Более красноречивые примеры участия женщин в управлении Церковью и империей дают исследователю-канонисту материалы русской церковной истории. Византийское понимание императорского служения как служения церковного было усвоено в России в XVI в., выразившись в коронации первого русского царя Ивана IV (1547–1584) в 1547 г. В следующем столетии чин коронации был дополнен миропомазанием. Но только после реформ Петра Великого (1682–1725) императорское служение стало призванием женщин. Княгиня, запертая под сенью старомосковского терема, вырвалась на свободу и вскоре стала блистательной придворной дамой екатерининской эпохи. Это обстоятельство через полтора века после Петра позволило Теофилю Готье (1811–1872) писать о том, что при российском дворе «две-три накинутые на плечи вуали стоят больше, чем стихарь из золотой и серебряной парчи» (Готье, 1988, 119).

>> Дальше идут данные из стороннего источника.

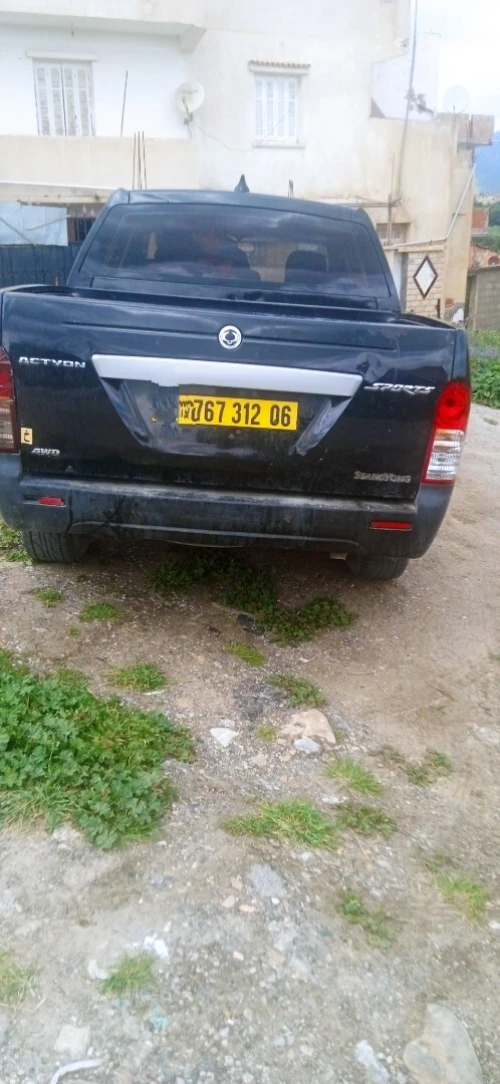 SsangYong Actyon Sports 2012 Actyon Sports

Своеобразным символом женского абсолютизма в русской церковной и политической истории стала эпоха Екатерины Великой (1762–1796), которая взяла престол «на шпагу» и которая, подобно своим предшественницам, громко заявила о себе как о государыне, которая присваивает себе высшую власть в Церкви, при этом власть не только административную, но в том числе и такую, которая находит свое священническое литургическое выражение. Кратко остановимся на данном феномене.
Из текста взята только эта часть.